It should help to each of the team members to make and explain these UX decisions without any holy wars.

My opinion is that developers (in general) are a little bit biased towards the software that they are building, and it might be difficult for them to look at the software from the point of view of a user that knows nothing about implementation. Once you know all the implementation details you can't become a novice again.

So, it might be useful if someone is selected as a UX expert, who decides about the details of user interface and user interaction. The others should try to convince him about their point of view, but at the end it is his decision that prevails. This would avoid any holy wars and would bring consistency.

0 replies

ghost · 2019-09-27T22:45:43Z

ghost
Sep 27, 2019

yes, @dmpetrov ! I can come up with some scenarios, I'll try to do it soon

0 replies

ghost · 2019-10-01T18:56:36Z

ghost
Oct 1, 2019

@dmpetrov , it is taking a while 😅 !

⚠️ this is a work in progress ⚠️

checkout a file without cache:

dvc init --no-scm
echo 'foo' > foo
dvc add foo
rm -rf .dvc/cache/d3/b07384d113edec49eaa6238ad5ff00
dvc checkout

# WARNING: Cache 'd3b07384d113edec49eaa6238ad5ff00' not found. File 'foo' won't be created.
#   0%|          |Checkout                                                                                                 0/1 [00:00<?,     ?file/s]
# file 'foo' is going to be removed. Are you sure you want to proceed? [y/n]

remove "redundant files" during a directory checkout:

dvc init --no-scm
mkdir directory
echo 'foo' > directory/foo
dvc add directory
echo 'bar' > directory/bar
dvc checkout

# 0%|          |Checkout                                                                                                 0/1 [00:00<?,     ?file/sfile 'directory/bar' is going to be removed. Are you sure you want to proceed? [y/n]

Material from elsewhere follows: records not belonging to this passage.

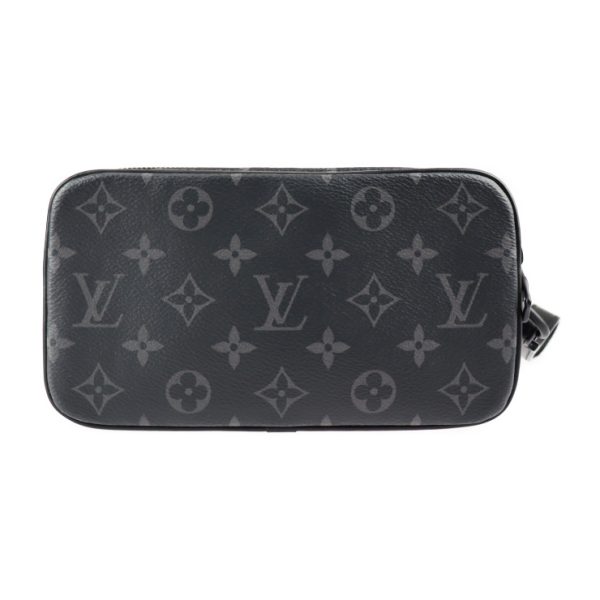 2310083007048 3 Louis Vuitton Pochette Volga Bag Gray Black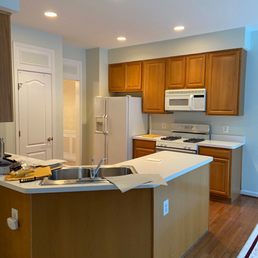 Old kitchen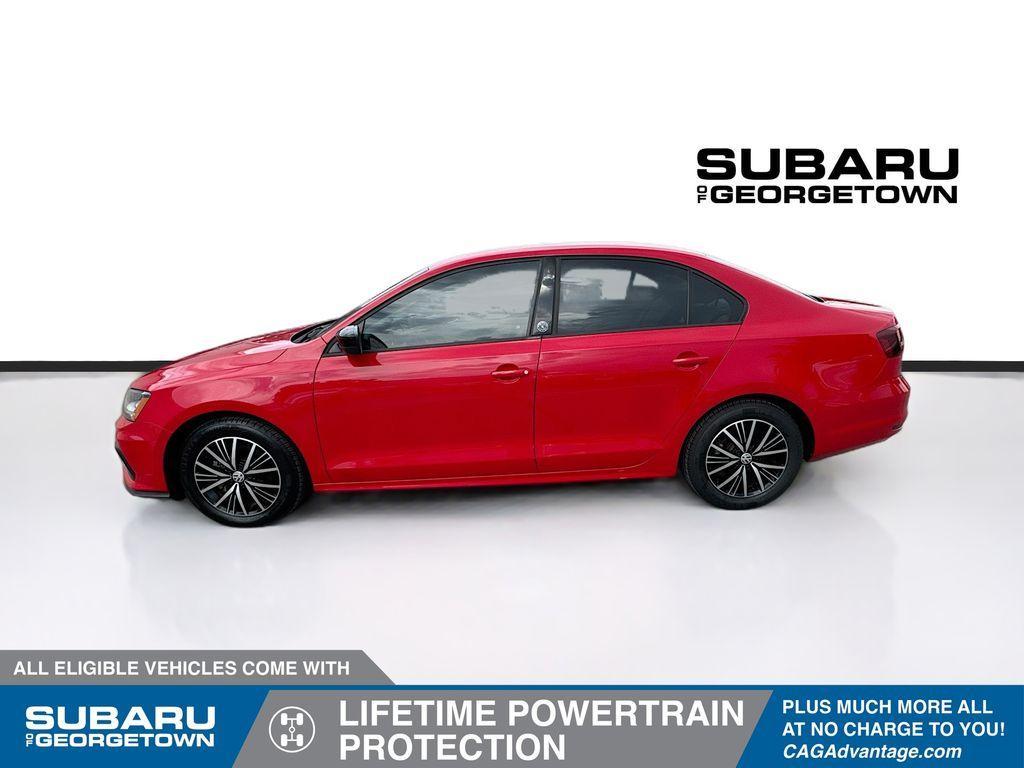 used 2018 Volkswagen Jetta car, priced at $16,970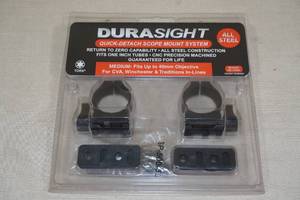 lot 45 image: Durasight Quick Detach Scope Mount System - 1 Tube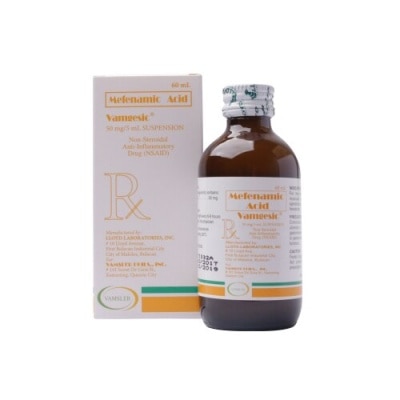 VAMGESIC Vamgesic Suspension [PRESCRIPTION REQUIRED]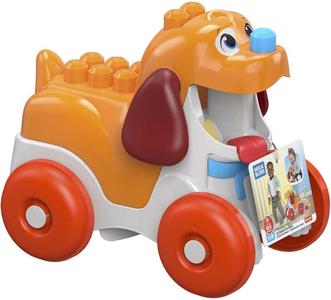 Mega Bloks Cagnolino Pupù e Vai, Set con 15 Blocchi da Costruzione Clearance Supply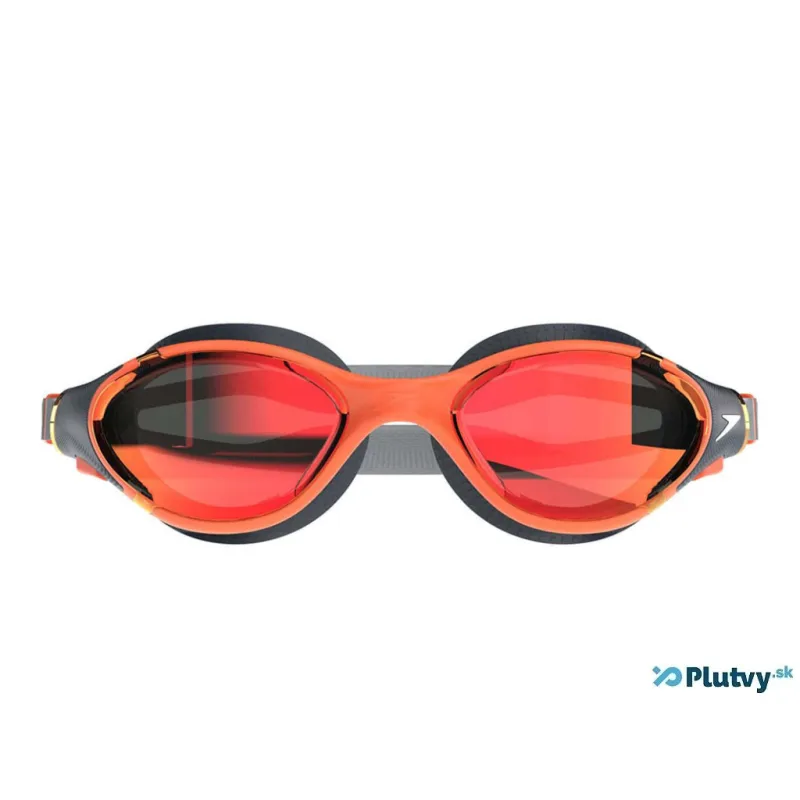 Speedo Biofuse 2.0 oranžová, zrkadlové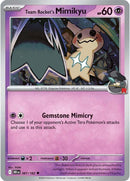 英語版)Team Rocket’s Mimikyu 087/182 ロケット団のミミッキュ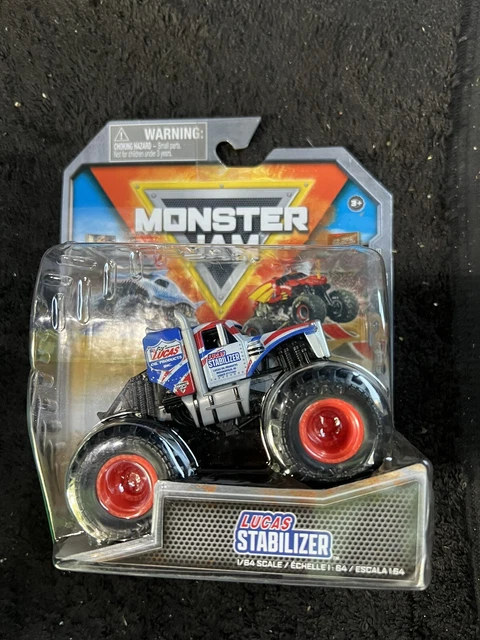 2023 Monster Jam LUCAS OIL STABILIZER Series 29 Arena Favorites  1/64 scale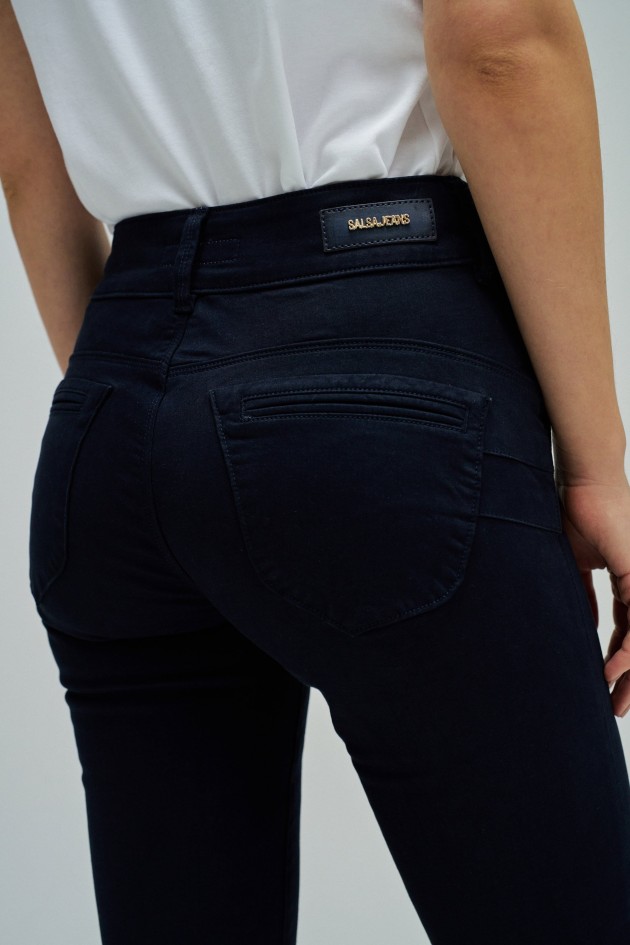 SECRET CHINO PUSH IN CROPPED SLIM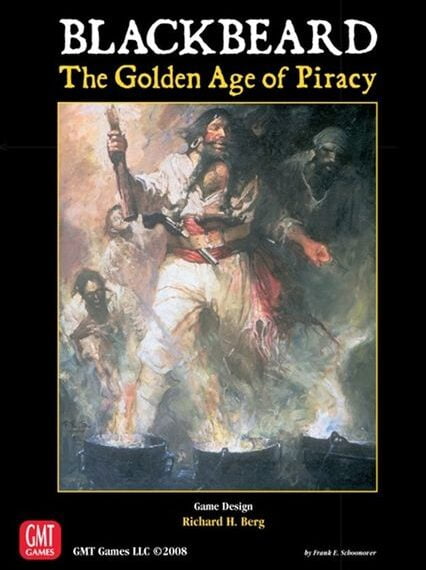 Blackbeard: The Golden Age of Piracy (2008) Board Game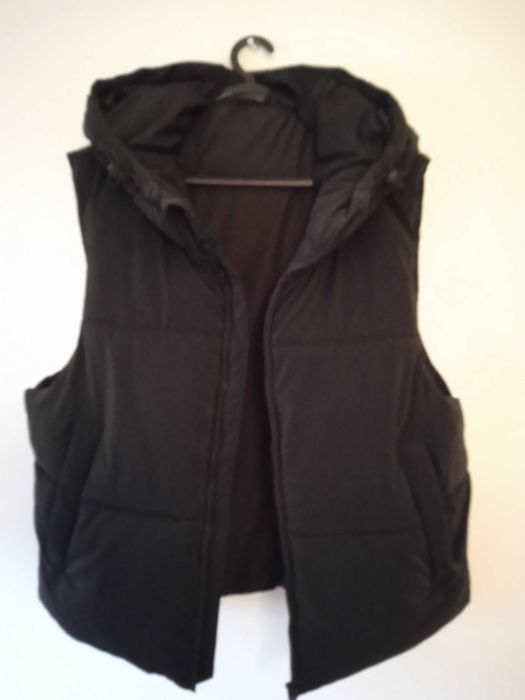 Colete com capuz Zara L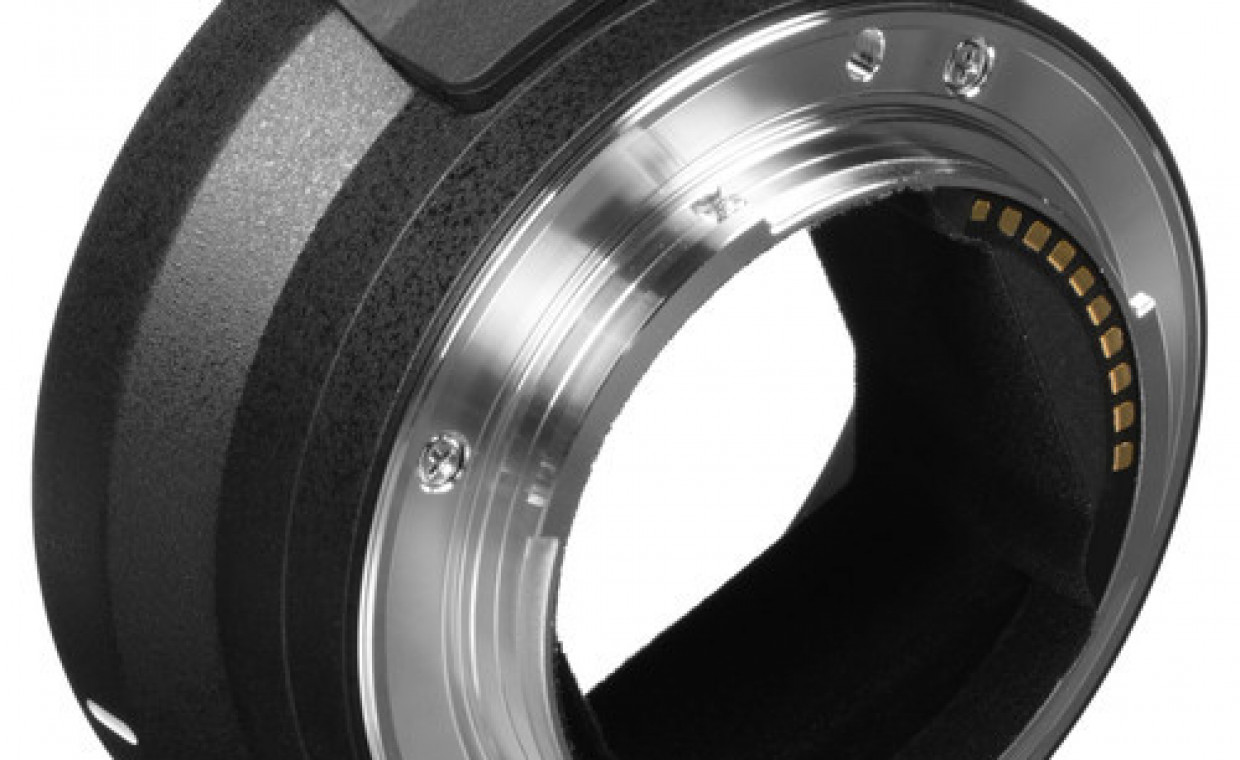 Camera lenses for rent, Sigma MC-11 adapteris, Canon EF - Sony E rent, Kaunas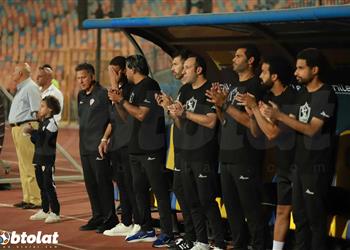 أوسوريو يعتذر لـ مدرب المقاولون العرب بسبب تصرف إبراهيما نداي ويتوعد الأهلي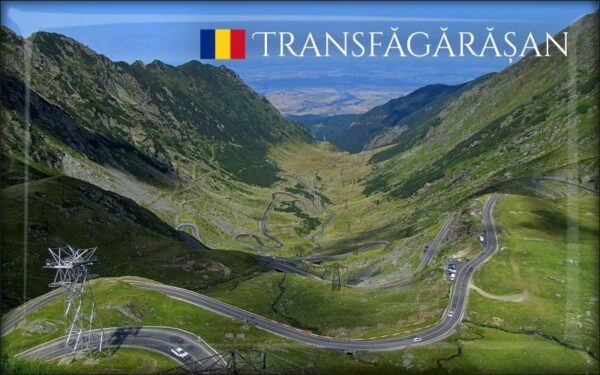Pryskyřičná magnetka - Rumunsko - Transfagaraš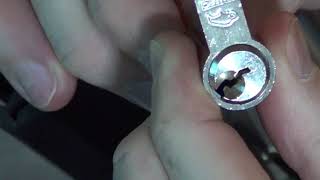 (196) Potti 314 Abus Buffo Challenge Lock Spp'd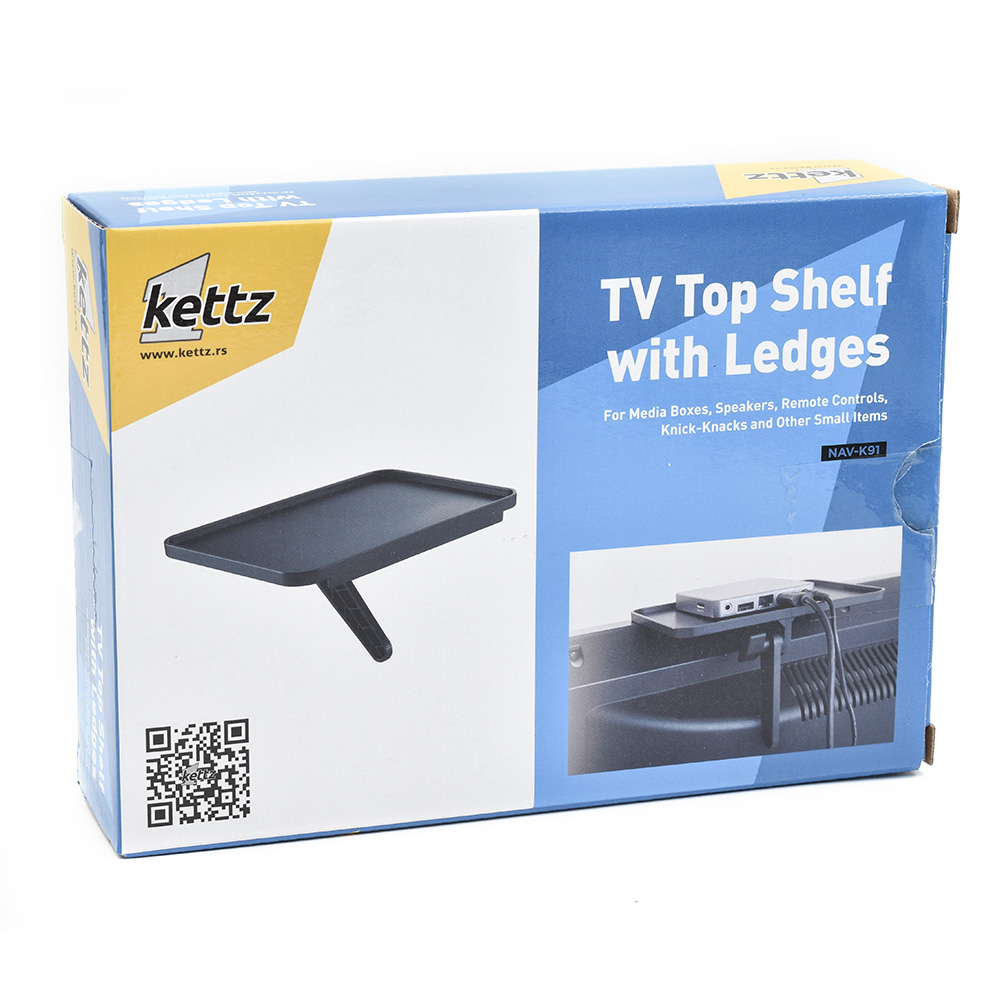 Polica za AV uređaje na TV-u Kettz NAV-K91 polica za av ureÄaje na tv u kettz nav k91 3715_5.jpg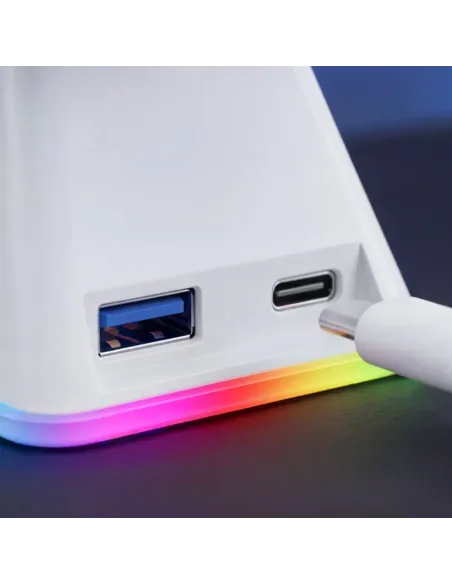 Mars Gaming MMWELITEW ratón Juego Mano derecha Bluetooth Óptico 20000 DPI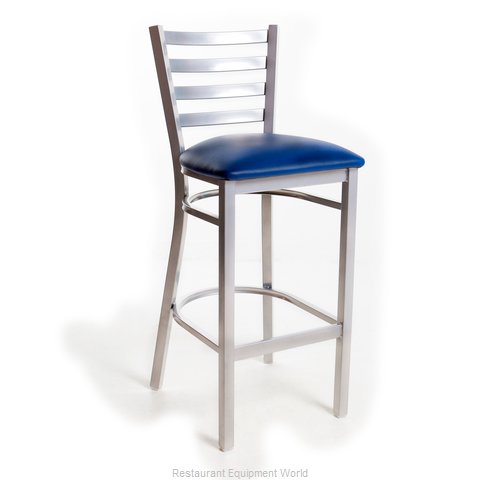 Just Chair M20130-SIL-GR1 Bar Stool, Indoor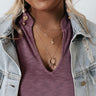 Tikis Please Layered Necklace Image - 1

checkout a file that changed:

dvc init --no-scm
echo 'foo' > foo
dvc add foo
echo 'bar' > foo
dvc checkout
#   0%|          |Checkout                                                                                                 0/1 [00:00<?,     ?file/s]
# file 'foo' is going to be removed. Are you sure you want to proceed? [y/n]

0 replies

jorgeorpinel · 2019-10-15T15:44:05Z

jorgeorpinel
Oct 15, 2019

it is still not that straight forward to think that dvc run -o foo will remove foo

Agree! Vote for prompt in this case.

0 replies

dmpetrov · 2019-10-15T16:27:49Z

dmpetrov
Oct 15, 2019
Maintainer Author

Thank you @MrOutis for funding these scenarios!

Let's go one by one.

checkout a file without cache

Is there are cases when it makes sense to checkout data files without checking out a particular one (answer Yes case)? It seems like in most of the cases this is going to happen when a user forgets to run dvc pull\fetch - it is fine to fail in this case (wee can also show a proper message like Data file 'foo' is missing in cache. Please run 'dvc fetch' first.). Also, I can imagine when dvc fetch won't give you the data file (corrupted cache and remote) - in this "debug" mode partial checkout can be done by *.dvc files. So, in both of cases, failing seems like a better option.

I propose to fail instead of prompting

remove "redundant files" during a directory checkout:

It seems like there are no conflicts to fail or prompt questions. DVC shouldn't remove files that are not committed. A similar Git example:

git init
echo foo > foo
git add foo
git commit -m 'foo commit'
echo bar > bar
git checkout ffb38d8 # the current commit

No changes, no errors. bar is in its place. I'd expect the same behavior from DVC.

I propose to avoid prompting and outputting any error messages or warning

checkout a file that changed

It looks the same as the previous case (even though the implementation might be different). So, checkout should not raise any errors or prompts or even error messages.

I propose to avoid prompting and outputting any error messages or warning

Please take a look at my proposals. If there are no concerns, I'll create an issue.

@MrOutis are these three the only prompts that DVC has or we can find more?

0 replies

dmpetrov · 2019-10-15T16:38:35Z

dmpetrov
Oct 15, 2019
Maintainer Author

A few more things...

It is okay to remove data without prompting if user runs destructive commands like destroy and remove.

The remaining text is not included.